Na Caixa, todos os desenvolvimentos passam por três pilares: segurança da informação, para evitar que os dados cheguem a pessoas que não deveriam ter acesso a eles; governança e tratamento de dados, para mapear os dados dentro de cada atividade do banco e verificar se estão sendo utilizados de acordo com a LGPD; e finalmente o atendimento, dando resposta a cada titular sobre o que é feito com seus dados. “Para isso, temos uma governança intrincada, mas muito bem construída para atender a todos os preceitos da LGPD, trazendo a visão de que os dados são tratados de forma adequada”, informou Capes.
O desafio da IA
Enquanto ainda se adapta ao que prevê a LGPD, o mercado precisa começar a lidar com o uso que novas tecnologias, como IA e machine learning, farão dos dados. Para Patrícia é como criar uma linha a mais a ser colocada na política de proteção, informando que aqueles dados serão usados para isso também. “A LGPD é viabilizadora, mas não pode ser de qualquer jeito. Tem que fazer da maneira correta, com política, tecnologia e campanha educativa”, disse.
Miriam, da ANPD, reconhece que há uma forte interface entre IA e proteção de dados e que autoridades de dados de vários países estão se interessando pelo tema. “Usar bases de dados produz efeitos que impactam a vida das pessoas, por isso é preciso pensar nos impactos também na proteção de dados pessoais”, explicou.
Ela reforça a questão das bases legais para uso, que devem ir além do consentimento puro e simples. Nestes casos, o uso do dado deve ser, como prevê a lei, livre, informado, inequívoco e passível de ser revogado, o que muitas vezes não acontece. “No caso da IA, isso deve ser pensado antecipadamente, identificando a base legal mais adequada a ser utilizada. Não é um debate encerrado porque não há resposta única”, disse, ressaltando também a necessidade de observar os direitos dos titulares a acesso ou revisão de decisões automatizadas, o que ainda requer amadurecimento e discussão mais profunda.
Marcela Vairo lembra que uma pesquisa da IBM mostrou que a aplicação da ética no uso da IA generativa é uma preocupação de 80% dos CEOs ouvidos. Para ela, a garantia do uso ético começa pelo que chama de “explicabilidade” dos modelos: a tecnologia tem que permitir que a razão de uma recomendação ou ação seja explicada.
Além da “explicabilidade”, o uso ético passa também por fatores como preocupação e cuidado com os dados dos clientes; monitoramento de eventuais vieses; e confiança. “Temos que ter algoritmos e ferramental forte que garantam a governança no modelo de IA para que possamos adotá-la cada vez mais. Para o uso corporativo, a questão ética com estes fatores é fundamental para ganhar escala”, disse.

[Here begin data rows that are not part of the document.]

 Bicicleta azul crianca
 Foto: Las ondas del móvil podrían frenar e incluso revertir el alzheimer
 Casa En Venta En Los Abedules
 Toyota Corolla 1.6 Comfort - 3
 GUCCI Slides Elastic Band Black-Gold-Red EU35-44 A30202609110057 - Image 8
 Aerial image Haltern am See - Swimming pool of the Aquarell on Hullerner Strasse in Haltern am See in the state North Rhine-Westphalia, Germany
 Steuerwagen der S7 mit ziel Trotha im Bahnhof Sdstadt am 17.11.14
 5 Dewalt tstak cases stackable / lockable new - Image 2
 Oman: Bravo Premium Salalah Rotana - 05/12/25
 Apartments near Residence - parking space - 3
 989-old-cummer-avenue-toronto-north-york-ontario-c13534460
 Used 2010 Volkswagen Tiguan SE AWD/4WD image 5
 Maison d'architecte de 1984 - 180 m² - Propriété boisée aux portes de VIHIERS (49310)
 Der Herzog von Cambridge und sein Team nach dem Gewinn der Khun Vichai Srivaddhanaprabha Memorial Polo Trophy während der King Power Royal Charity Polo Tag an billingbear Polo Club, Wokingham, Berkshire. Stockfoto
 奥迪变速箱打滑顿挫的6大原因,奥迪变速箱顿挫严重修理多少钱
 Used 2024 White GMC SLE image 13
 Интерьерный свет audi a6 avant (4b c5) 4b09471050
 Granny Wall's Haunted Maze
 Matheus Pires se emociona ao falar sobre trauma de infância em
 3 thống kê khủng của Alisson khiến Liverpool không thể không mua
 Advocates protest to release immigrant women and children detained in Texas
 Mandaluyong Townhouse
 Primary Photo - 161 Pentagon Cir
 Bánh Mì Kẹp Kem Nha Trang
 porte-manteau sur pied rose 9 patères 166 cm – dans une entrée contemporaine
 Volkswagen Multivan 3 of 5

Do lado da IBM, a executiva diz que a companhia adota o “ethics by design”, um framework que garante que a tecnologia deve melhorar a inteligência humana e produzir resultados positivos. Se a companhia percebe que determinada tecnologia terá um impacto negativo, ela é suspensa. Por isso o monitoramento deve ser constante.
O mesmo vale para o desenvolvimento de novos produtos e serviços na CEF, onde o tratamento de dados é pensado desde o início dos projetos. “Isso tem tudo a ver com o setor financeiro, porque traz mais eficiência desde as conversas mais primordiais sobre uma nova solução pensada para o cliente”, completou Carpes.